**PROMPT:** Your answer should consist of each line below that includes the word "with".

○ ○ ○

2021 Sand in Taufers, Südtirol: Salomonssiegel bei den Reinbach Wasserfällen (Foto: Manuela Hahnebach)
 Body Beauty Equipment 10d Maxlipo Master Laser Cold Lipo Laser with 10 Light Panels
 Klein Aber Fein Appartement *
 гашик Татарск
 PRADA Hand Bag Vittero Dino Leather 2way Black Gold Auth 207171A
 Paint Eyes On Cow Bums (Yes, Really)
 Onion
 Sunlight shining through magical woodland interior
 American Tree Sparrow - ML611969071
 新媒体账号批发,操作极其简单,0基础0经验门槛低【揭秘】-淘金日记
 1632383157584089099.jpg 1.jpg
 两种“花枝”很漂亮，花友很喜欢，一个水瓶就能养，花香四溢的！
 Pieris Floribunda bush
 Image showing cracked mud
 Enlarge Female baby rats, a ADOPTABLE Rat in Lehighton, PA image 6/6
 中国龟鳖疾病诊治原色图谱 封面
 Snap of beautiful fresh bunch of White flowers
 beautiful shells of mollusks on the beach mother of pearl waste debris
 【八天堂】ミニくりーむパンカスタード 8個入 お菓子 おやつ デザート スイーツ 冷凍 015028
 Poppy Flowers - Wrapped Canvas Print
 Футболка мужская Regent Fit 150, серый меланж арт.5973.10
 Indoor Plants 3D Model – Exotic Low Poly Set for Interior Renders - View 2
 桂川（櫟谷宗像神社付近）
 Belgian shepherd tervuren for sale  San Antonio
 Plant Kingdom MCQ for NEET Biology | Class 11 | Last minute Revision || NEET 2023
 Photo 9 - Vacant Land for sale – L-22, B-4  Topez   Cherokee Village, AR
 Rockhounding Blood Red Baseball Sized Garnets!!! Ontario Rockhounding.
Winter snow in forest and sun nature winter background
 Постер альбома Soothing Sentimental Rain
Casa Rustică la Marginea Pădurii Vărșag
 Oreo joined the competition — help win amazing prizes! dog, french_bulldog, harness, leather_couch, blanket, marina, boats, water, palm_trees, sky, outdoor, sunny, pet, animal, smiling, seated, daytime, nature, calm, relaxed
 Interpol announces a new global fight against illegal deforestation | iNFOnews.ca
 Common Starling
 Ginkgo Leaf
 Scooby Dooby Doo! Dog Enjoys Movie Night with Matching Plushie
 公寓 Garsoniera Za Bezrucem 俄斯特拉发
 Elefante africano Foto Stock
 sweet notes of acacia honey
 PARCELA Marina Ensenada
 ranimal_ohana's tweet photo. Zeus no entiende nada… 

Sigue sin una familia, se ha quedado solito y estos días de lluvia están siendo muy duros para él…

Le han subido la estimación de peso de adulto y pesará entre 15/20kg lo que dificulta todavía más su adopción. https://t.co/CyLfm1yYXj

○ ○ ○

**EXERCISE SOLUTION:**
 Body Beauty Equipment 10d Maxlipo Master Laser Cold Lipo Laser with 10 Light Panels
 Scooby Dooby Doo! Dog Enjoys Movie Night with Matching Plushie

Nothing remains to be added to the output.